BEGIN The input
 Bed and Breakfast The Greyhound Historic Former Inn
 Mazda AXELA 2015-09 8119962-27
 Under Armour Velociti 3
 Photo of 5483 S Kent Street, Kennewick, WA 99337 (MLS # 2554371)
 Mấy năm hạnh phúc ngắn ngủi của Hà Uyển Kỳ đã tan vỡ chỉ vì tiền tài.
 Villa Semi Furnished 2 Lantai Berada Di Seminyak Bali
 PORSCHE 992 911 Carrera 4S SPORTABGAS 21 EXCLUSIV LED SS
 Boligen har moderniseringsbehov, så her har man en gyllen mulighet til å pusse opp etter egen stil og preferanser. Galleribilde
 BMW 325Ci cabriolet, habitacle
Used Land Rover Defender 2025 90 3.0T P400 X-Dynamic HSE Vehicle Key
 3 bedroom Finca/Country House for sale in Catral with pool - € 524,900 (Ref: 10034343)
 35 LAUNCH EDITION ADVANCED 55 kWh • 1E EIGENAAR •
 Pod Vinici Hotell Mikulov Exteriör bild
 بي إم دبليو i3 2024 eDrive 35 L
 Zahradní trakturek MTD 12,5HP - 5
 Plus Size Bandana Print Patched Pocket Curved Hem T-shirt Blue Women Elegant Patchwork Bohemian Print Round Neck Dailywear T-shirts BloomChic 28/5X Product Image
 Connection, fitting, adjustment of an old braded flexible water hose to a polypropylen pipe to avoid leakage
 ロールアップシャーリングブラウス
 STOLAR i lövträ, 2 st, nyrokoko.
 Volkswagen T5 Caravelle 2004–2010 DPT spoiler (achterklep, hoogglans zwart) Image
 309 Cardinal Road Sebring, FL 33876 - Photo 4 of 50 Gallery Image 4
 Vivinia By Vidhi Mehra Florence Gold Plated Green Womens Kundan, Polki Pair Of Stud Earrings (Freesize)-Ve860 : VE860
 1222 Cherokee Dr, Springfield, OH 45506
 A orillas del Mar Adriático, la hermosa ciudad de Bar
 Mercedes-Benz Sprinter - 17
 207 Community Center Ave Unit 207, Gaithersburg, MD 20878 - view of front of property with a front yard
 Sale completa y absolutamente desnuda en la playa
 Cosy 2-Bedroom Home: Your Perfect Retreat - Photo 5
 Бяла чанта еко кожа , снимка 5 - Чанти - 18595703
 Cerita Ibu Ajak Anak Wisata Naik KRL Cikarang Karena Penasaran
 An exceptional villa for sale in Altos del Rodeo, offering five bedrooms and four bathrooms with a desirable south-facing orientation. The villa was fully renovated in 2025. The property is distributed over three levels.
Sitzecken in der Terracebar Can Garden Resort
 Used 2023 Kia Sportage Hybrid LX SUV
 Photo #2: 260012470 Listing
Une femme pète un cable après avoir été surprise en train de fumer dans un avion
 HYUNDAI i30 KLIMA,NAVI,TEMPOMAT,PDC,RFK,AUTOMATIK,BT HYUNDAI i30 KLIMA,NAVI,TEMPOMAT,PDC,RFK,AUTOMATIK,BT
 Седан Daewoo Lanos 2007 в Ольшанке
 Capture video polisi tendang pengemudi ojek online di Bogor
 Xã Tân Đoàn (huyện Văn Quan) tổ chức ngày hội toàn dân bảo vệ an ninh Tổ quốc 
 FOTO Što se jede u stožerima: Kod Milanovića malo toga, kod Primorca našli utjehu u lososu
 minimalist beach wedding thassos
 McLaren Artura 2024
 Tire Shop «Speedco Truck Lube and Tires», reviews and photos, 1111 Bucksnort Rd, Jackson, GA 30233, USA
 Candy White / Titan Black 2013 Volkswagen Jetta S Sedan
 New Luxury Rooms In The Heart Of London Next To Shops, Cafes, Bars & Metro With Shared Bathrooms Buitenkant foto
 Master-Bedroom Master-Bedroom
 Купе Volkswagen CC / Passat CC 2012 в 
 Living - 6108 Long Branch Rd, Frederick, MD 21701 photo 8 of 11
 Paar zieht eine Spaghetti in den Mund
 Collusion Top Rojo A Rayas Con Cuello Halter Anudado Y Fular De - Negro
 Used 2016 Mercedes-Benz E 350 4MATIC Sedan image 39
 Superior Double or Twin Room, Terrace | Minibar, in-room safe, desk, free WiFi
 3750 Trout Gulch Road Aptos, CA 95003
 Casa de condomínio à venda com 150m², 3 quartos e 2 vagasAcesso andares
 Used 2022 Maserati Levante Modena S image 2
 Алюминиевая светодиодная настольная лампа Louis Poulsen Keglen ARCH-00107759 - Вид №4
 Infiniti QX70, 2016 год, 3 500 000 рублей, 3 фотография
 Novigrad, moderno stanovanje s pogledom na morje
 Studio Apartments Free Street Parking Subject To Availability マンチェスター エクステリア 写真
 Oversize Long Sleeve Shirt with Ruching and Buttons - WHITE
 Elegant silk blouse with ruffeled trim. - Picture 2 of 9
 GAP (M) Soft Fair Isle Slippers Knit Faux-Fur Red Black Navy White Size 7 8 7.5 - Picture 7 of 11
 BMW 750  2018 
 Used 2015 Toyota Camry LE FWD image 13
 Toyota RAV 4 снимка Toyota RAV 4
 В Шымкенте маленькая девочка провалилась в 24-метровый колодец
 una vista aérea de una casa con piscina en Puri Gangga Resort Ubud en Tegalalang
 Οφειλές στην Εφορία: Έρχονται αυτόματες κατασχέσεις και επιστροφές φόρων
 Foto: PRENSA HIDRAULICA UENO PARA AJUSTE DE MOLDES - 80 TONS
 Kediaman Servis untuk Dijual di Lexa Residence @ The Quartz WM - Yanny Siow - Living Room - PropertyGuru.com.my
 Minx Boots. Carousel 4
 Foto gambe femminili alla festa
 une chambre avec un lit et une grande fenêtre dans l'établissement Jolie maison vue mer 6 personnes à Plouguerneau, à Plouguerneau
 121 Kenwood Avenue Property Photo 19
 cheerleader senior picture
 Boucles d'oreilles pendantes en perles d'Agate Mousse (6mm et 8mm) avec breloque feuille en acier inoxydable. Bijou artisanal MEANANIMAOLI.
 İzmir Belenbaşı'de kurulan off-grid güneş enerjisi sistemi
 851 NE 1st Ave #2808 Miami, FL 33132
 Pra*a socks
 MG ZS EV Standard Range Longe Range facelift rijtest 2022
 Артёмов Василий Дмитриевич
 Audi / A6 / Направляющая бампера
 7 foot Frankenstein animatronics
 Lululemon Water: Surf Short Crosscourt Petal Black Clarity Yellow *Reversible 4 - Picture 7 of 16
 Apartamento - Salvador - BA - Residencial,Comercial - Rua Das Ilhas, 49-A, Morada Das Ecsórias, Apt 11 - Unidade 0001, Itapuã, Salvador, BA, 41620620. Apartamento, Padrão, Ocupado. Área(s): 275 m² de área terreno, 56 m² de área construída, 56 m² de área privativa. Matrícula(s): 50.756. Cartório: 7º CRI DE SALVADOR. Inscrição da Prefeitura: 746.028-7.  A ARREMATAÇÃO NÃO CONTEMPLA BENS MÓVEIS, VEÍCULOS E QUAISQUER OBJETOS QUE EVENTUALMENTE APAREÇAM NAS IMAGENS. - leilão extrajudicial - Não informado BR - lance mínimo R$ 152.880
END The input
▸ **What to do**: After locating the line holding "Купе Volkswagen CC / Passat CC 2012 в" above, output exactly that line and every line after it through the line holding "Used 2022 Maserati Levante Modena S image 2". Include nothing else.

▸ **Solution to this exercise**:
 Купе Volkswagen CC / Passat CC 2012 в 
 Living - 6108 Long Branch Rd, Frederick, MD 21701 photo 8 of 11
 Paar zieht eine Spaghetti in den Mund
 Collusion Top Rojo A Rayas Con Cuello Halter Anudado Y Fular De - Negro
 Used 2016 Mercedes-Benz E 350 4MATIC Sedan image 39
 Superior Double or Twin Room, Terrace | Minibar, in-room safe, desk, free WiFi
 3750 Trout Gulch Road Aptos, CA 95003
 Casa de condomínio à venda com 150m², 3 quartos e 2 vagasAcesso andares
 Used 2022 Maserati Levante Modena S image 2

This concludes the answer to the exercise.